Cell E51 is equivalent to:
=SUM(\$H\$2:\$H\$4)

Cell F51(through some manipulation) is equivalent to:
=+\$D\$9*\$D\$10*(1-\$D\$7)-\$D\$9*\$D\$11*(1-\$D\$7)+\$D\$1*\$D\$7*C16

Though this is NOT the simplest form, it is a perfect form for further use since it is linear in the desired variable D10. For simplicity in the rearranging/grouping I converted it to:
=A*D10 + I
Where A is =+\$D\$9*(1-\$D\$7)
and I is =-\$D\$9*\$D\$11*(1-\$D\$7)+\$D\$1*\$D\$7*C16

Cell G51 is nearly identical to F51 and is equivalent to:
=A*D10 + J
Where J is =-\$D\$9*\$D\$11*(1-\$D\$7)+\$D\$1*\$D\$7*C17

[Yes, I could have made a couple of other variables and reduced the EXCEL "repeat calcs", but for manipulation of the algebra equations, less variables was the better way]

Cell H51 is also nearly identical to F51 and is equivalent to:
=A*D10 + K
Where K is =-\$D\$9*\$D\$11*(1-\$D\$7)+\$D\$1*\$D\$7*C18

Cell I51 is the most different. It adds some additional factors that none of the others had. It is equivalent to:
=A*D10 + L
Where L is =-\$D\$9*\$D\$10*(1-\$D\$7)-\$D\$9*\$D\$11*(1-\$D\$7)+\$D\$1*\$D\$7*C19+\$D\$4*(1-\$D\$7)+\$D\$2

Once you plug all these values into the original formula and rearrange, it can be shown that D10 is:
=((Target-SUM(\$H\$2:\$H\$4))*(1+\$D\$8)^4-(I*(1+\$D\$8)^3+J*(1+\$D\$8)^2+K*(1+\$D\$8)+L))/ A / ((1+\$D\$8)^3+(1+\$D\$8)^2+(1+\$D\$8)+1)

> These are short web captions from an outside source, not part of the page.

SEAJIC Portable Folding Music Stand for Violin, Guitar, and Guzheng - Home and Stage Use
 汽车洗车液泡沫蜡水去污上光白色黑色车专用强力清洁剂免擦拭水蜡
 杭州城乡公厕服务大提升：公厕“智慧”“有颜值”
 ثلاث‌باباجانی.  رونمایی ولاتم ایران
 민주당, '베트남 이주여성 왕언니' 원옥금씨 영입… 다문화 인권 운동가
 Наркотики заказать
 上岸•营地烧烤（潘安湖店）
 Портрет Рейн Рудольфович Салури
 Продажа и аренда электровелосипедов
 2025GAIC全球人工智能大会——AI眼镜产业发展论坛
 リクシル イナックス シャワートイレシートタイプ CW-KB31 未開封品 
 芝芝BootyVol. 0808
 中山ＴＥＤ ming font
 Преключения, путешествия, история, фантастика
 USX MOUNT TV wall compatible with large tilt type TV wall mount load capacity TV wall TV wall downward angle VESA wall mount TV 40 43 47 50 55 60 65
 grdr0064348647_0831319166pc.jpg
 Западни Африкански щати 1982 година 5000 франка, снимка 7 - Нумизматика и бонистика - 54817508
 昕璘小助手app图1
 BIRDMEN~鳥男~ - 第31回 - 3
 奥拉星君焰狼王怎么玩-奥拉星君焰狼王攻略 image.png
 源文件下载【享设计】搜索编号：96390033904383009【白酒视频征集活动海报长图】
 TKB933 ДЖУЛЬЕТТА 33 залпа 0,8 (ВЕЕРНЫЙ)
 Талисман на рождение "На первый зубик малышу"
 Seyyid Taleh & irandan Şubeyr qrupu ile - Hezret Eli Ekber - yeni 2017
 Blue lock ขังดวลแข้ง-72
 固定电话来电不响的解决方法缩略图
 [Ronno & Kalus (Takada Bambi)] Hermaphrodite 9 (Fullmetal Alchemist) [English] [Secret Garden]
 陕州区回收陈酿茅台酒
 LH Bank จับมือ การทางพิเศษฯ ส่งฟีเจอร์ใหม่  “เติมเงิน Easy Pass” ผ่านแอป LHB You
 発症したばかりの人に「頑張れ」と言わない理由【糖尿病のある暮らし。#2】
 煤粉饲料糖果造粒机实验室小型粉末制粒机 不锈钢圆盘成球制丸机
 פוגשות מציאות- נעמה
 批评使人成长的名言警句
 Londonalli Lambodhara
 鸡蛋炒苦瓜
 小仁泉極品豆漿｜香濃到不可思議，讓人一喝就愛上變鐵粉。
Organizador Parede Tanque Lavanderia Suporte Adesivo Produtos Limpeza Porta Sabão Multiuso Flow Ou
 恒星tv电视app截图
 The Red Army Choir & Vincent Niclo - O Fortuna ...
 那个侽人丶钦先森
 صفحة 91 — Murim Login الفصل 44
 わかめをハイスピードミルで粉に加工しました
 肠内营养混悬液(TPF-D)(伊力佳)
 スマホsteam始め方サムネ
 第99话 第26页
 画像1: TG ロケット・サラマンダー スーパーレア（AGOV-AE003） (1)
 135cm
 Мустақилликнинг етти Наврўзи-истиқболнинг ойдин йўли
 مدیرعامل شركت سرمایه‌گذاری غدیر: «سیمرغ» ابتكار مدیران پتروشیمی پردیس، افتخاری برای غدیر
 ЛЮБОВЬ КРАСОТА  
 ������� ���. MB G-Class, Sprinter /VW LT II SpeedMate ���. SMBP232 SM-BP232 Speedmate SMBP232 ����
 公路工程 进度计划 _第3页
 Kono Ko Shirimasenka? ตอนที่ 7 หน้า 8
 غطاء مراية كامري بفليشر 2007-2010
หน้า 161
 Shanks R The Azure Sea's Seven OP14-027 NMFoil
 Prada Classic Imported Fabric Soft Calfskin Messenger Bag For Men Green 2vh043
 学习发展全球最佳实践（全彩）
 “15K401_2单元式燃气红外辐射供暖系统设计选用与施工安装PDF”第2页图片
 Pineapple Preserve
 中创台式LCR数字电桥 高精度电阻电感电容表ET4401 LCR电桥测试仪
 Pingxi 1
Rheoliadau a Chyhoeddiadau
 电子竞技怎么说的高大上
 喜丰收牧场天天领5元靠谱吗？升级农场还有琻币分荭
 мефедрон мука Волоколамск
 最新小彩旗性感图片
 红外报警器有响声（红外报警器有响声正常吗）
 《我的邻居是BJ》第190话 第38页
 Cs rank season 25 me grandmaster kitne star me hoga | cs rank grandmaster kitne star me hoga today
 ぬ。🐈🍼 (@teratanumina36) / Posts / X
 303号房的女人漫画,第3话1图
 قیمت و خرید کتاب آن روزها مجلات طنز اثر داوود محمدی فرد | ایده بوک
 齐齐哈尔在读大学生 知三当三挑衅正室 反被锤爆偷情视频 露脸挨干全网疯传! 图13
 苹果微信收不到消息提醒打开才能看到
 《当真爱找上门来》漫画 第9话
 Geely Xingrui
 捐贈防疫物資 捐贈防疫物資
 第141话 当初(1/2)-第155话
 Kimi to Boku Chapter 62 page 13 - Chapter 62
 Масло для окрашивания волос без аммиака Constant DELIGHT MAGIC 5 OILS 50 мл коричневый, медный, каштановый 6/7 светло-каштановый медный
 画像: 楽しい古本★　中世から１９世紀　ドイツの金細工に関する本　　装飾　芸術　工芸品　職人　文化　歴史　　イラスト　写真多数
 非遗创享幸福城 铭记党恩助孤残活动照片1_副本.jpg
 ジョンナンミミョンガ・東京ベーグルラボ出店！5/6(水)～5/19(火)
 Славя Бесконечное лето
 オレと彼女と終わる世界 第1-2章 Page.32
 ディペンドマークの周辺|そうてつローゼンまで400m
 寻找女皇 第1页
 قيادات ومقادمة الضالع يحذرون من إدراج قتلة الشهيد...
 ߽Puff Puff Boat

So if you create the range names for A, I, J, K, L and enter in the above formulas. Then you create a range named TARGET and enter in the value 0. Finally enter in the D10 formula from above into D10.

Now your C53 calc will show zero and the D10 will display \$166 (\$165.70 with the pennies).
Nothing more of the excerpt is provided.